情報開示の特徴:TNFDのLEAPアプローチに基づき、自然資本への依存と影響を評価し、リスクと機会を特定。生物多様性保全に関する具体的な取り組みを詳細に開示しています。
地域連携の取り組み:
- 滋賀県との協働:滋賀県および滋賀県立琵琶湖博物館と連携し、絶滅危惧種「アユモドキ」の保全プロジェクトを実施。
- 小笠原諸島での活動:認定NPO法人エバーラスティング・ネイチャー(ELNA)と協力し、アオウミガメの保全活動を支援。
- ボルネオ島での森林再生:WWFおよび現地政府と連携し、熱帯林の再生および生態系の保全活動を展開。
- 東急不動産ホールディングス株式会社(日本)
TNFD Adopter登録状況:登録済み。
情報開示の特徴:TNFD提言に基づき、ガバナンス、戦略、リスク管理、指標と目標の各項目について詳細に開示。LEAPアプローチを活用し、自然資本への依存と影響を評価しています。
地域連携の取り組み:
- 蓼科地域での活動:長野県蓼科地域において、地域循環型リゾート「TENOHA蓼科」を開発。

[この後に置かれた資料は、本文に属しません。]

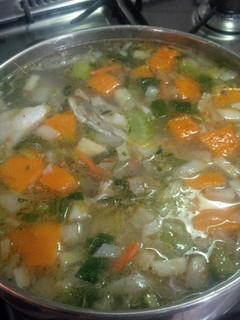 Una foto de Sopa de cabeza de pescado a la pobre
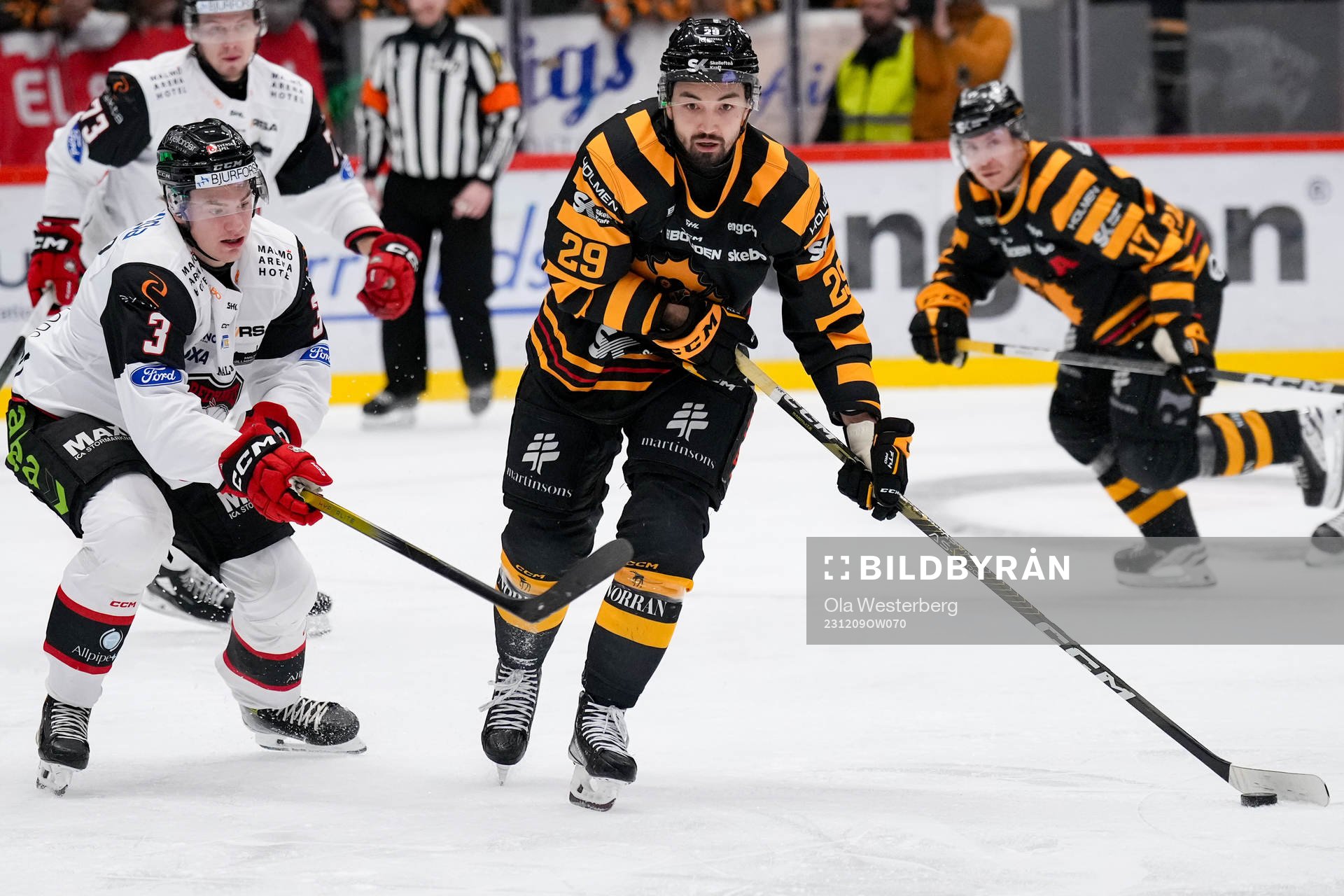 Malmö Redhawks Nuutti Viitasalo och Skellefteås Dylan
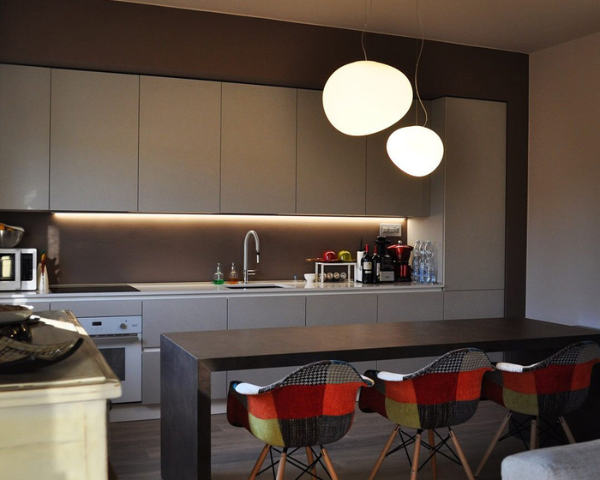 Come illuminare la cucina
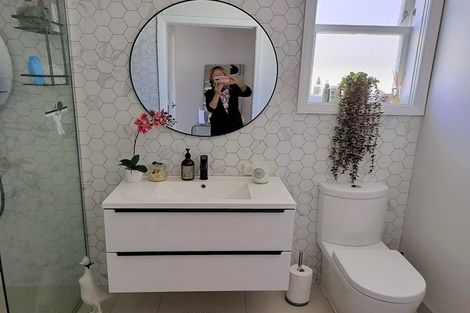 Photo of property in 47 Formby Avenue, Point Chevalier, Auckland, 1022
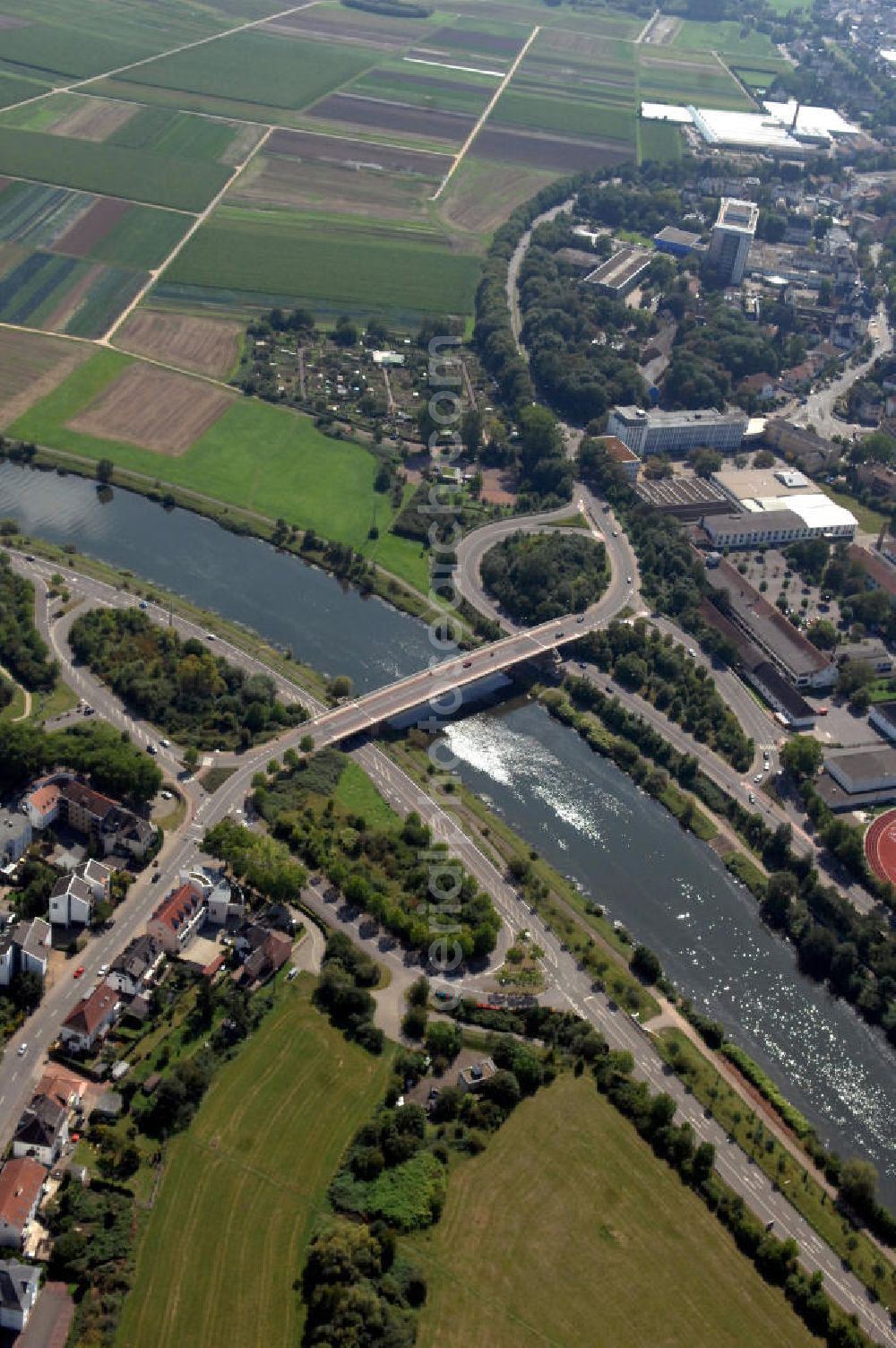 Saarlouis from above - Blick aus Nordwesten entlang der Saar mit der Peter-Neis-Brücke in Saarlouis im Saarland. Am linken Saarufer erstreckt sich die Innenstadt. Am rechten Ufer erstreckt sich der Stadtteil Roden. View from northwest along the Saar river.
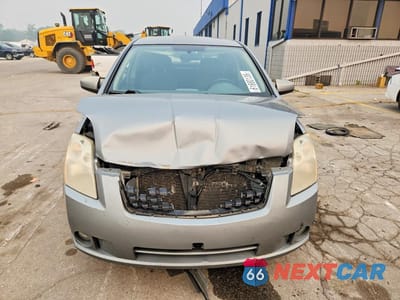 Piąte zdjęcie samochodu w środku: 2008 NISSAN SENTRA 2.0 VIN:3N1AB61E48L694446 - miniatura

地域の森林資源を活用し、地域コミュニティと連携した持続可能な観光地づくりを推進。
- 渋谷区での取り組み:広域渋谷圏における生態系ネットワークの形成を目指し、建物緑化や生物多様性に配慮した都市開発を実施。
- スワイヤー・プロパティーズ(Swire Properties)(香港)
TNFD Adopter登録状況:TNFDのEarly Adopterとして登録され、香港で初めてTNFDフレームワークを導入した企業の一つです。
情報開示の特徴:2023年のサステナビリティ報告書において、TNFDのLEAPアプローチに基づき、自然資本への依存と影響、リスクと機会を評価し、詳細に開示しています。
地域連携の取り組み:
- 太古坊(Taikoo Place)再開発プロジェクト:約70,000平方フィートの緑地と水辺空間を追加し、地域の生態系と住民の生活環境の向上を図っています。
- 地域コミュニティとの協働:香港大学や地元のNGOと連携し、自然関連リスクの管理と生物多様性の保全に取り組んでいます
TNFDの可能性と課題
上記3.を踏まえると、TNFDの目玉の1つとなっている地域連携との関係性について、企業によってはしっかり向き合っている企業があるということは、従来の生物多様性への取り組みが皮相的なものになりかねなかった状況に対して、その1に示したTNFDの意義に関連して1つの可能性を示すものであるといえるでしょう。
その地域連携以外に、もう一つTNFDで大々的に謳われてはいないものの特徴の一つになっているのが、本TNFDシリーズのコラム「TNFD提言の理解と実践:その1・自然関連財務情報開示の概要と意義」で取り上げた、TNFDの柱・戦略⑥「自然関連のリスクと機会に対する組織の戦略のレジリエンスについて、さまざまなシナリオを考慮して説明」に関する箇所です。「サステナビリティ開示基準」(ISSBやSSBJ)では、大々的に謳われていますが、その前例になっているのがTNFDのこの箇所になります。しかし全体的に未だこの箇所について開示の中身が薄いとされています。
こうした、特に大企業には今まで馴染みのなかった地域連携やレジリエンスについて、全社的に理解を深めて社内に浸透させていくことが、コラムその1で扱った全体的な課題に加えて(たとえば、データ不足と精度のばらつき、評価手法の統一性欠如、人的リソースと専門性の不足、経営層の関与の薄さ)、大きな課題になっているといえるでしょう。これらを克服することが、TNFD対応の重要なポイントになっていくと考えられます。